◆ **Exercise aim**
Return the data verbatim, without pictures.

◆ **Stored data**
____

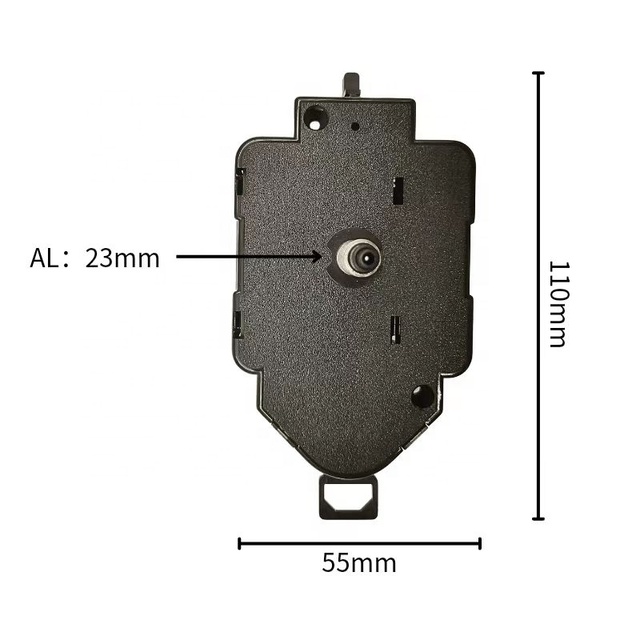 YOUNG TOWN 12888 Modern Design Quartz Wall Clock Silent Sweeping Movement AssemblerA with Swinging Device Accessory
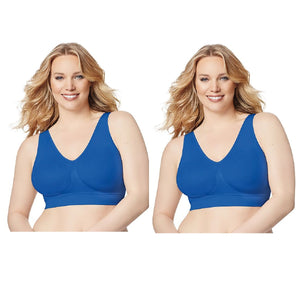 Just My Size 1263 Pure Comfort® Seamless Wirefree 2-Pack Bra w/ Wicking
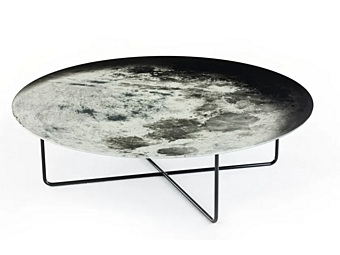 Кофейный столик с круглой стеклянной столешницей печать на стекле MOROSO My Luna My Mirror 016 Кофейный столик с круглой стеклянной столешницей печать на стекле MOROSO My Luna My Mirror 016 фабрика Moroso из Италии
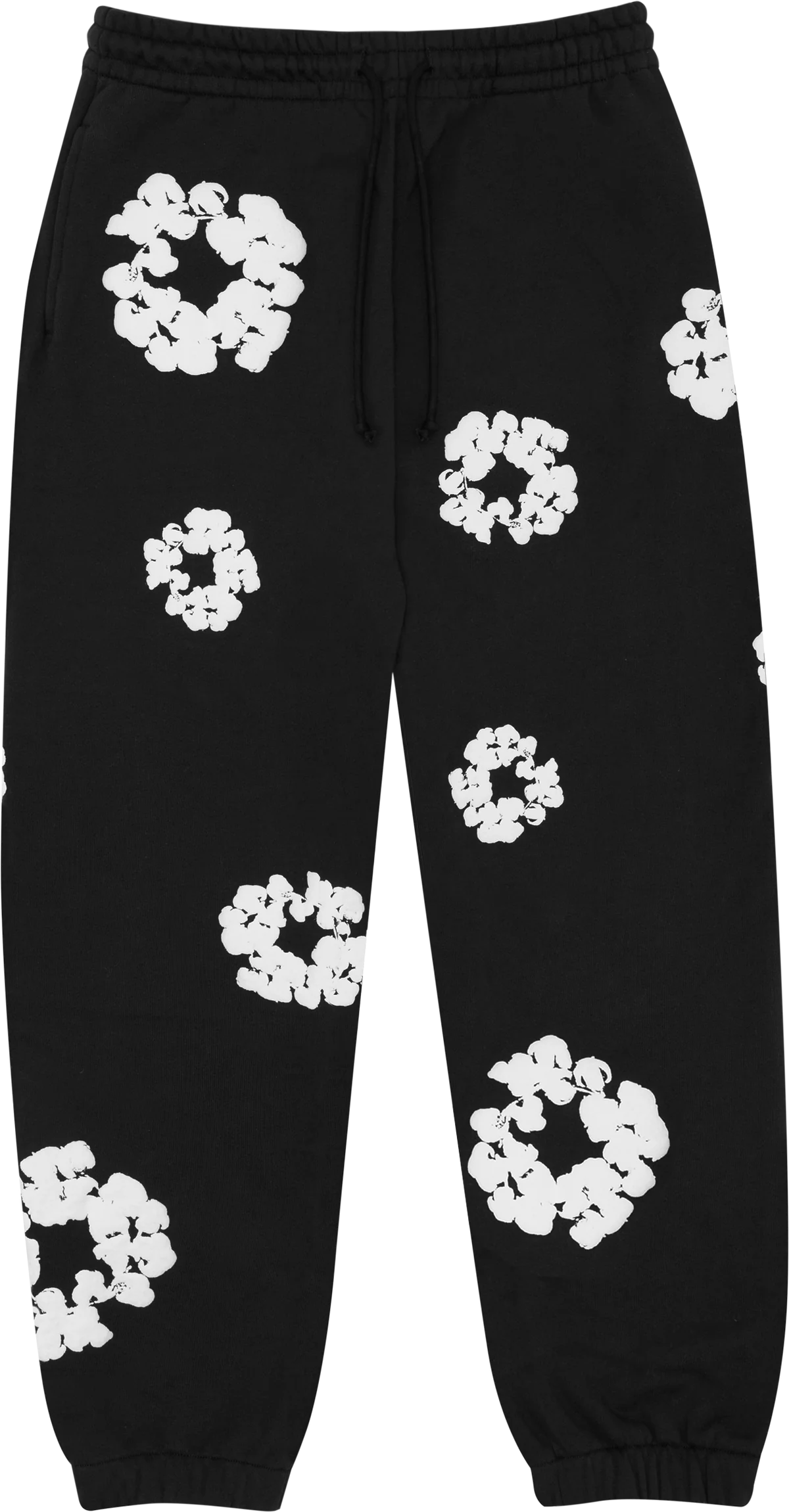 Denim Tears The Cotton Wreath Sweatpants 'Black'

____

◆ **Expected answer**
 YOUNG TOWN 12888 Modern Design Quartz Wall Clock Silent Sweeping Movement AssemblerA with Swinging Device Accessory
 Just My Size 1263 Pure Comfort® Seamless Wirefree 2-Pack Bra w/ Wicking
 Кофейный столик с круглой стеклянной столешницей печать на стекле MOROSO My Luna My Mirror 016 Кофейный столик с круглой стеклянной столешницей печать на стекле MOROSO My Luna My Mirror 016 фабрика Moroso из Италии
 Denim Tears The Cotton Wreath Sweatpants 'Black'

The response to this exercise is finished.